_WHAT IS NEEDED_. Reproduce precisely the lines between the start of the data below and the line with "Young woman sitting", both included.

_RECORDS TO USE_.
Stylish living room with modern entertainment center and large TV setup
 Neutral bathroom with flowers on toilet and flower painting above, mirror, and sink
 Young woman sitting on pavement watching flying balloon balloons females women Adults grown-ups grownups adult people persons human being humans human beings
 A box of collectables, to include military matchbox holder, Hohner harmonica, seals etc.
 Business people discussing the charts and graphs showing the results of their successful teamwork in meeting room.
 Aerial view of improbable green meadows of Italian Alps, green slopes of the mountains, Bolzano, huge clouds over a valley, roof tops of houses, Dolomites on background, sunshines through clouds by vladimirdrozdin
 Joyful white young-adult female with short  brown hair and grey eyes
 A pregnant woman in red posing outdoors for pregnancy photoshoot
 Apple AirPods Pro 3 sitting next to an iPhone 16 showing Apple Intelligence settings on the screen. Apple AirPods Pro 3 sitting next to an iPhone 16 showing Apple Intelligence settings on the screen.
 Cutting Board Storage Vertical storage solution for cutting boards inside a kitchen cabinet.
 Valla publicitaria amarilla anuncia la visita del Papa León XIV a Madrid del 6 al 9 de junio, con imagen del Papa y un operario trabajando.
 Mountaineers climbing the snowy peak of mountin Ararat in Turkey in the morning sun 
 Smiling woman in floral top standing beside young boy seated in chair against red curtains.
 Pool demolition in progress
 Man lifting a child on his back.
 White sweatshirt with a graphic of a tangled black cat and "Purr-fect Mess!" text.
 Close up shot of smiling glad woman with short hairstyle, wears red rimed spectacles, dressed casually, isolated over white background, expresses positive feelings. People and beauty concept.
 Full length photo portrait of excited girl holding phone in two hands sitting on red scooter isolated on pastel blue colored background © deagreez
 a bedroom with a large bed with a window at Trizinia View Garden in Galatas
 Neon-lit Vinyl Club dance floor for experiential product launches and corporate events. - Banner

_RESULT FOR THIS TASK_.
Stylish living room with modern entertainment center and large TV setup
 Neutral bathroom with flowers on toilet and flower painting above, mirror, and sink
 Young woman sitting on pavement watching flying balloon balloons females women Adults grown-ups grownups adult people persons human being humans human beings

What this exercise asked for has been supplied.